Configuration Options
You can adjust the lockout behavior by changing constants in login-tracker.js:
const MAX_ATTEMPTS = 5; // Increase to allow more attempts
const LOCKOUT_DURATION = 15 * 60 * 1000; // Change lockout duration
Common configurations:
- Strict:
MAX_ATTEMPTS = 3,LOCKOUT_DURATION = 30 * 60 * 1000(3 attempts, 30 min lockout) - Moderate:
MAX_ATTEMPTS = 5,LOCKOUT_DURATION = 15 * 60 * 1000(5 attempts, 15 min lockout) - Default - Lenient:
MAX_ATTEMPTS = 10,LOCKOUT_DURATION = 5 * 60 * 1000(10 attempts, 5 min lockout)

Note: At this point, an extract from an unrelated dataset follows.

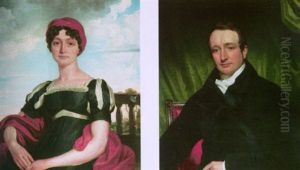 Portrait Of Louisa Merivale Wearing A Black And Red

Limitations of Username+IP-Based Lockout
Important considerations:
-
Less strict than IP-only lockout: By tying lockouts to username+IP, an attacker can try different usernames from the same IP
- However, this prevents legitimate users on shared networks from being locked out
- This is a reasonable trade-off for usability
-
IP spoofing: Attackers can change their IP address
- Username+IP lockout is one layer of security, not a complete solution
- Should be combined with other security measures
-
Legitimate lockouts: Legitimate users can accidentally trigger lockouts
- Consider adding account recovery mechanisms
- Provide clear error messages about lockout status
-
IPv6: IPv6 addresses are longer and more complex
- The system handles them the same way, but be aware of address format
Best Practices
- Log successful attempts too: Helps with security auditing
- Clean up old records: Prevents database bloat (already implemented)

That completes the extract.